De son côté, Valérie Pépin, du service de médiation de dettes du CPAS d’Onhaye, établit des budgets nourriture dans le cadre des dossiers de médiation de dettes et effectue également des gestions budgétaires à la demande. «Souvent le budget alimentation est sous-évalué par les personnes elles-mêmes. Elles achètent 10 pains et 30 œufs pour une semaine et se nourrissent de tartines et d’omelettes. Ce n’est pas étonnant qu’elles soient dès lors en mauvaise santé, ce que je constate souvent.

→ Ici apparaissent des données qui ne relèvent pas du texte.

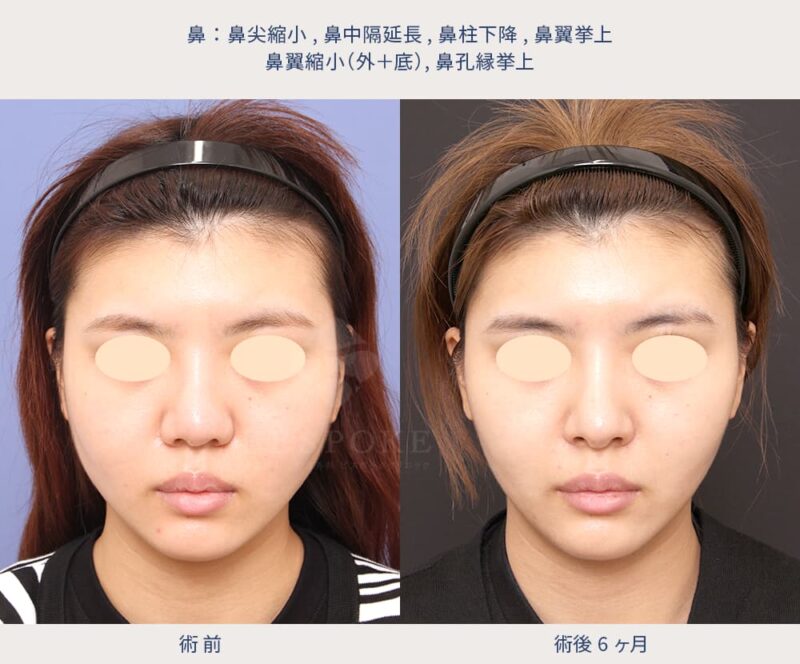 五反田医師による鼻整形の症例写真-3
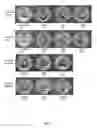 Fig. 08 - Quaternary disinfectant composition with anionic scale inhibiting agent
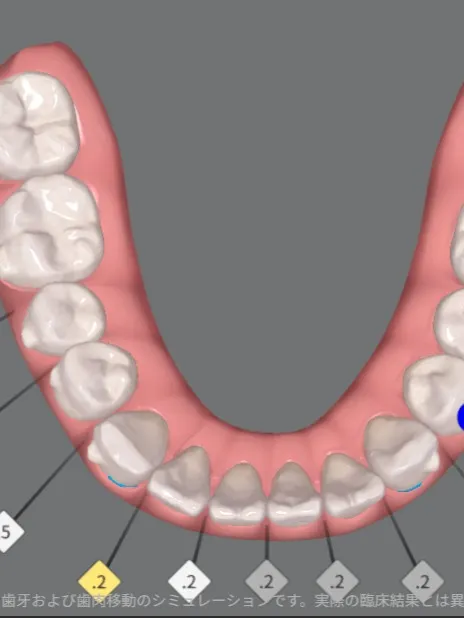 歯を抜かずに矯正!こんにちは!神戸元町 玉川歯科医院です🙂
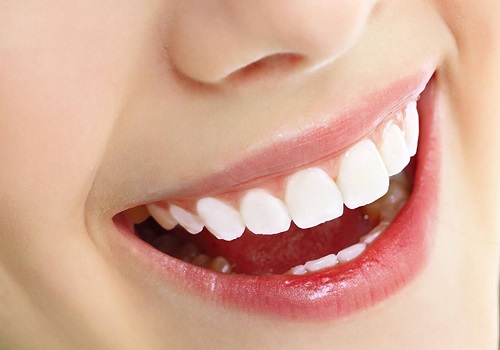 Bọc răng sứ nguyên hàm giá bao nhiêu? Có dựa vào loại dịch vụ không? 3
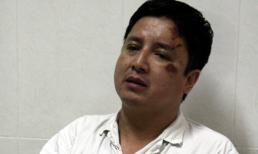 Danh hài Chí Trung bị tai nạn giao thông gãy 5 xương sườn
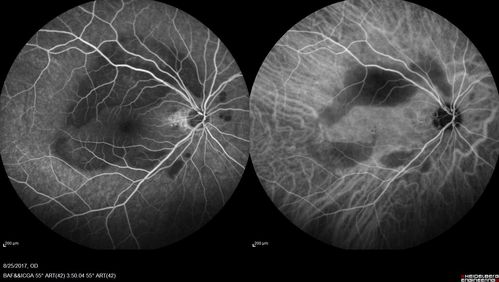 Multifocal Vitelliform Macular Dystrophy
58 year old female with mild vision loss - 20/20 OU - extensive testing has shown no cancer.  Case of Karina Findlay, MD
Keywords: Karina Findlay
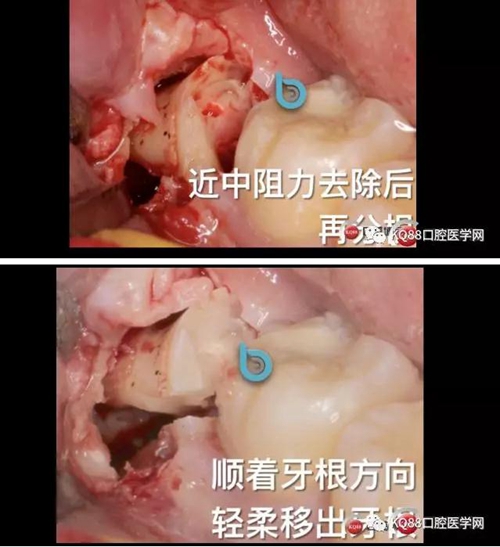 智齿拔除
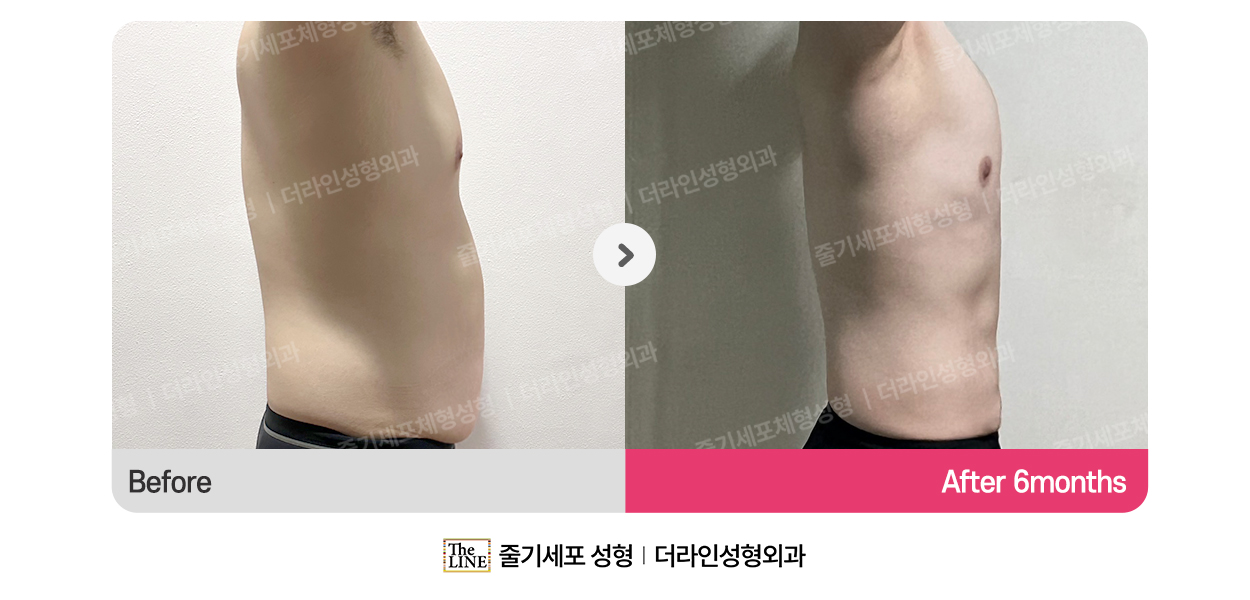 더라인성형외과 시술 상세 이미지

D’autres postes budgétaires sont parfois surinvestis, comme le poste voiture, au détriment de l’alimentation.» Elle est également frappée de voir les achats non judicieux, comme les colis de viande qui attestent d’une consommation journalière de viande et de charcuterie très importante et qui donnent l’impression aux personnes d’avoir fait une bonne affaire.
Elle essaye sans imposer de mieux orienter les achats, de faire découvrir des aliments nutritifs et moins chers, d’expliquer que les plats cuisinés à la maison sont meilleurs que ceux achetés en grande surface. «Il faut être concret, patient, imaginatif. Et puis on rencontre aussi des gens qui font des miracles avec pas grand-chose. En tout cas, je ne fais pas l’impasse de ce poste dans mes budgets.»
N. Cobbaut
[1] Voir sur le site www.observatoire-credit.be, onglet «Les Colloques de l’OCE».